Persistent claims of misconduct by Australian forces in Afghanistan have been surfacing for years, including against those awarded distinguished medals for their service in Afghanistan.
The Australian government, for its part, has been dragging its feet on this front and made every attempt to bury these testimonies. With its hand forced, the Australian government will now release a ‘redacted’ version of its war crimes inquiry.
Hizb ut Tahrir / Australia says the following in this regard:
- The devastation of the allied invasion of Afghanistan needs no introduction. Australia, as part of this effort, is responsible for the wholesale destruction of an entire nation. A report, on the back of self-imposed enquiry, will never alleviate Australia of the criminality meted out against the entire Afghan population.
- The horrors inflicted in Afghanistan are known realities. The levelling of entire cities, the employment of the most destructive weaponry experienced since Hiroshima, the establishment of torture chambers, Bagram Airbase, rendition programs and kill charts, with the dead paraded as nothing more than memorabilia for depraved soldiers. The world is not waiting for an enquiry to capture the nature or magnitude of what was experienced firsthand.
- There is absolutely no confidence in Australia investigating itself for alleged war crimes. On the basis of national security, the true horrors of Australia’s conduct in Afghanistan will never be acknowledged, in the same way Barack Obama prevented the release of the most incriminating imagery from Abu Ghraib in Iraq.
- Enquiries of this sort are nothing more than tokenistic, face saving exercises. Individuals may be sacrificed, promises of improvement offered, assurances of highest standards reiterated. But the ugly reality of Australia’s war machine will continue unabated, cloaked in a benign benevolence and further validated by a hollow judicial process.
- Australia’s former Prime Minister John Howard offered a ‘sorry’ in response to the disaster that was the Iraq invasion. George W Bush accepted they got intelligence ‘wrong’. Words and platitudes in lieu of millions of lives perished and entire nations ruined. There has never been any accountability, nor can there ever be when criminals are tasked with investigating themselves.

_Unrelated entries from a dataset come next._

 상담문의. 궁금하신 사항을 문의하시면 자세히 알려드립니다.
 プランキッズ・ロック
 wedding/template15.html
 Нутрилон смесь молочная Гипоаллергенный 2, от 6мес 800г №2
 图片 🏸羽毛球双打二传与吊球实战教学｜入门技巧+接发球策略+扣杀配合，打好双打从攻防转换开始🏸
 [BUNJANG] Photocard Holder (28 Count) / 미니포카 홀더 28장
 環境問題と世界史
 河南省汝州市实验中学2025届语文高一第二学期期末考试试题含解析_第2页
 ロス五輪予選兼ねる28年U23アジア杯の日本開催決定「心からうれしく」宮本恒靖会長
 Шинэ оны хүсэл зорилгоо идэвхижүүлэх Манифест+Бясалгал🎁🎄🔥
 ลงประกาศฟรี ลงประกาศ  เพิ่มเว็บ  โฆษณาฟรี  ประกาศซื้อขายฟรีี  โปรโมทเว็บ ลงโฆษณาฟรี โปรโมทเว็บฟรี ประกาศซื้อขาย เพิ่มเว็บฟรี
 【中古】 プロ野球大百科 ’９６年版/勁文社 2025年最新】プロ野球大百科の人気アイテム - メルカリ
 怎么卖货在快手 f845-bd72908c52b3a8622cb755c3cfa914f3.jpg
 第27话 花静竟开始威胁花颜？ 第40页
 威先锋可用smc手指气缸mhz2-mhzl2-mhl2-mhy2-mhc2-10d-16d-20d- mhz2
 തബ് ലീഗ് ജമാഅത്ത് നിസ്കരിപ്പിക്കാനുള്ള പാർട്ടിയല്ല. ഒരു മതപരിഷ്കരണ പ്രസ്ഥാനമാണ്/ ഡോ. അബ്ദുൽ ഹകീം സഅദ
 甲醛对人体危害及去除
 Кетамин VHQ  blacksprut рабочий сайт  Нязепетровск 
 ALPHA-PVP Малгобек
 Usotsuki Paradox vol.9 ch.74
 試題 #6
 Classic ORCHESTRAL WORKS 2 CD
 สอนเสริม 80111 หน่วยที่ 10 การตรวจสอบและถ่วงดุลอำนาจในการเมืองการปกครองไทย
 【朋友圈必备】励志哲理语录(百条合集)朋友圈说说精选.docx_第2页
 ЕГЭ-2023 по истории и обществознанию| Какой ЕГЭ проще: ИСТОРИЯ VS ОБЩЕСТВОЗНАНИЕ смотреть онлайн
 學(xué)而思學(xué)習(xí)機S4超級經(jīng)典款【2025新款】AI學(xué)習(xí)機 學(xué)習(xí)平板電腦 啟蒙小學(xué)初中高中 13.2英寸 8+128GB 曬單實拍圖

No doubt, Scott Morrison will extend this tradition when his hand is forced too. Unsurprisingly, the conclusion has already been drafted when he says pre-emptively: ‘There is some disturbing conduct here, but we cannot take that and apply it to everyone who has pulled on a uniform and if we did this, that would be grossly unjust’.
- Australia’s war crimes investigation seems in part to be an effort to undermine the possibility of Australian forces tried in the International Criminal Court (ICC). This is the same court whose judges America has threatened with retribution should a criminal case be raised against them. Leaning on America’s example, Australia has sought to circumvent the ICC too, insisting only Australians can investigate Australian conduct. Whilst there is no confidence in the ICC as a body, even the pretence Australia being held to the same standards as everybody else is too much to bear.
- The world is in desperate need of a new mode of conduct. For far too long criminal states in both the East and West have acted with absolute impunity. International frameworks established to regulate the post WWII order were designed as an extension of such power, and the decades that ensued witnessed one of the greatest transfers of wealth and power known to man, all on the backs on the poorest and most destitute.